■ **EXERCISE GOAL**
The result should be an exact copy of every record, with no pictures kept.

■ **STORED DATA**

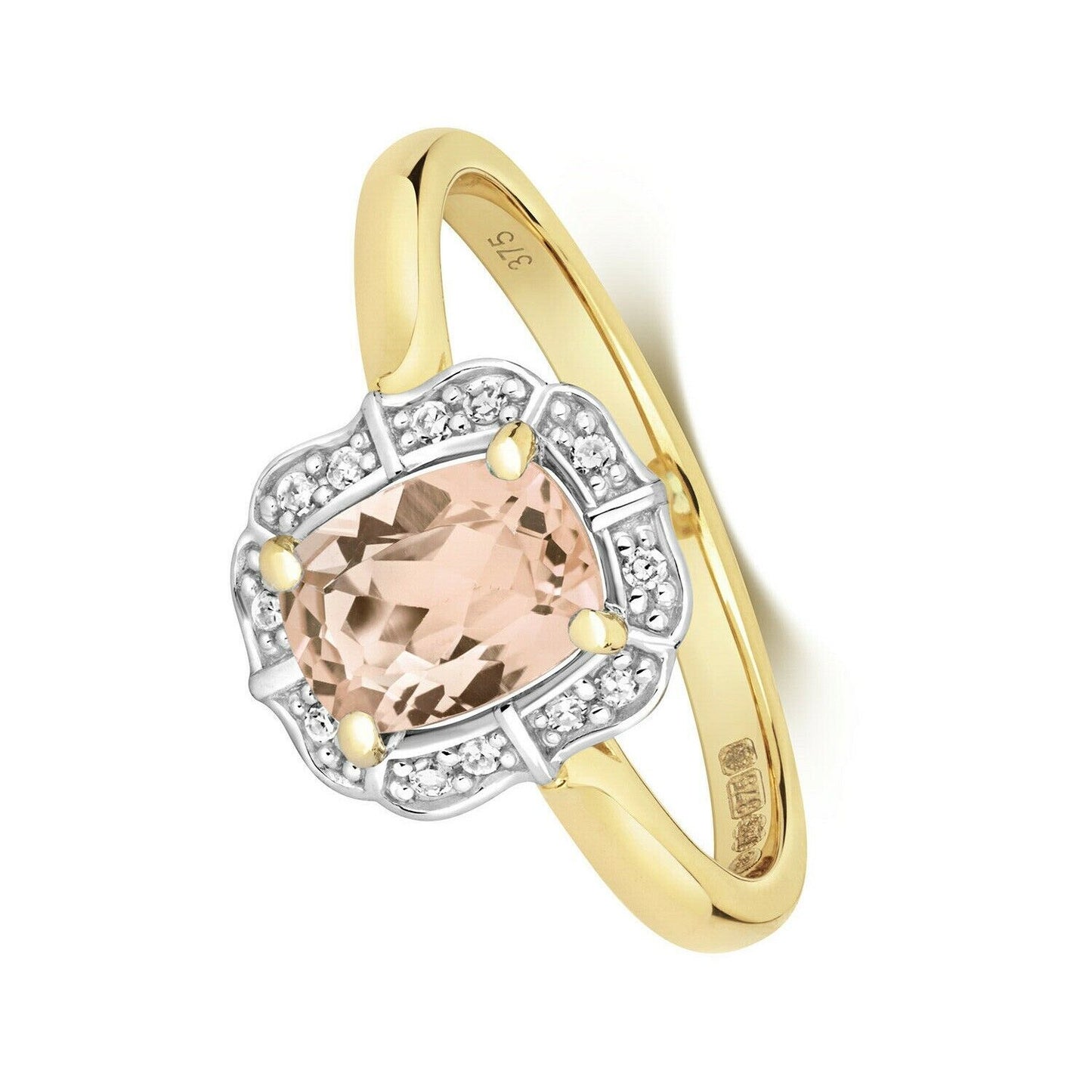 Real Morganite and Diamond Ring Solid Yellow Gold Cushion Cluster Size J - Q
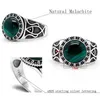 Natural stone pure 925 sterling silver antique Turkish ring, malachite men's agate color punk rock jewelry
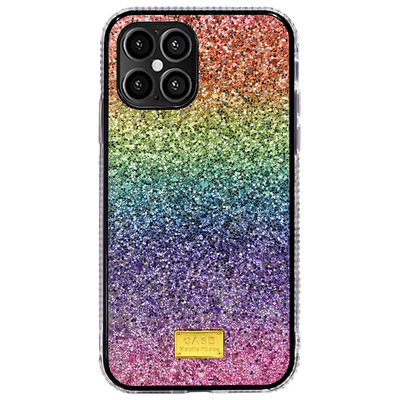 适用iphone17pro苹果11手机壳渐变闪粉XR保护套14pro贴皮日韩风
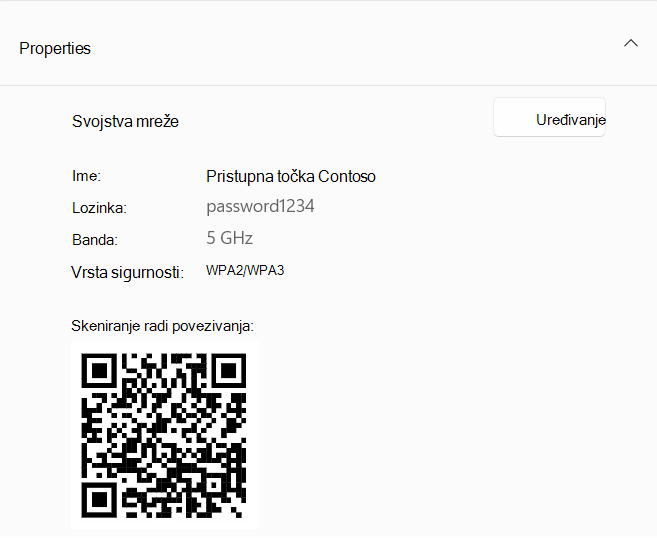 Snimka zaslona QR koda koji se upotrebljava za povezivanje s uređajem sa sustavom Windows koji djeluje kao pristupna točka.
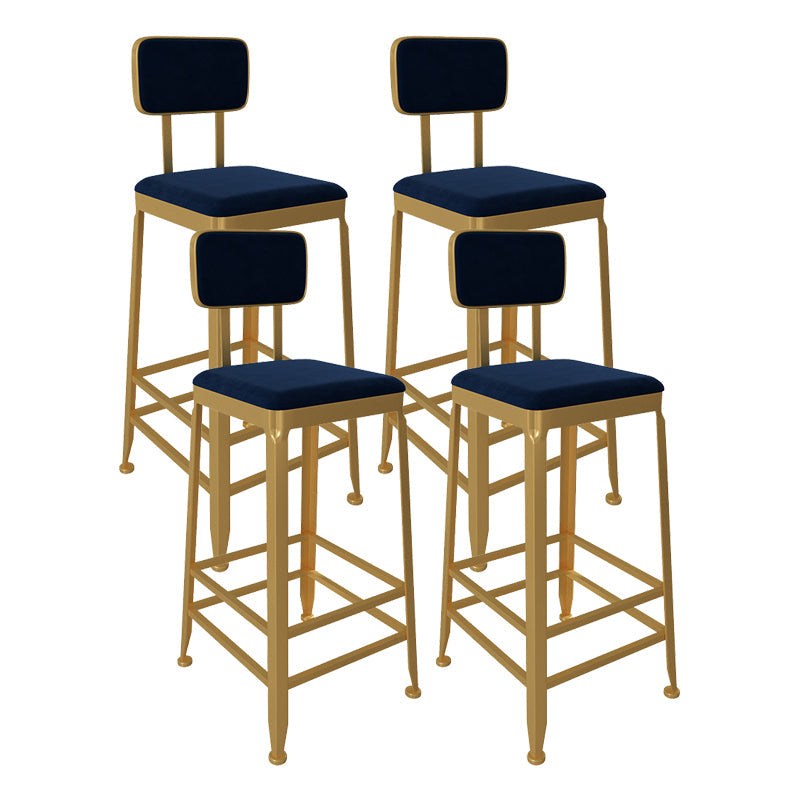 Glam Low Back Living Room Stool Matte Finish Velvet Counter Stool Blue 4 Piece Set Square Clearhalo 'Bar Furniture' 'Bar Stools' 'bar_stools' 'furn' 'furn_bar_stools' 'Furniture' 'furniture_bar_stools' 'Kitchen & Dining Furniture' 4875485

■ **RESULT FOR THIS EXERCISE**
 Real Morganite and Diamond Ring Solid Yellow Gold Cushion Cluster Size J - Q
 Natural stone pure 925 sterling silver antique Turkish ring, malachite men's agate color punk rock jewelry
 适用iphone17pro苹果11手机壳渐变闪粉XR保护套14pro贴皮日韩风
 Snimka zaslona QR koda koji se upotrebljava za povezivanje s uređajem sa sustavom Windows koji djeluje kao pristupna točka.
 Glam Low Back Living Room Stool Matte Finish Velvet Counter Stool Blue 4 Piece Set Square Clearhalo 'Bar Furniture' 'Bar Stools' 'bar_stools' 'furn' 'furn_bar_stools' 'Furniture' 'furniture_bar_stools' 'Kitchen & Dining Furniture' 4875485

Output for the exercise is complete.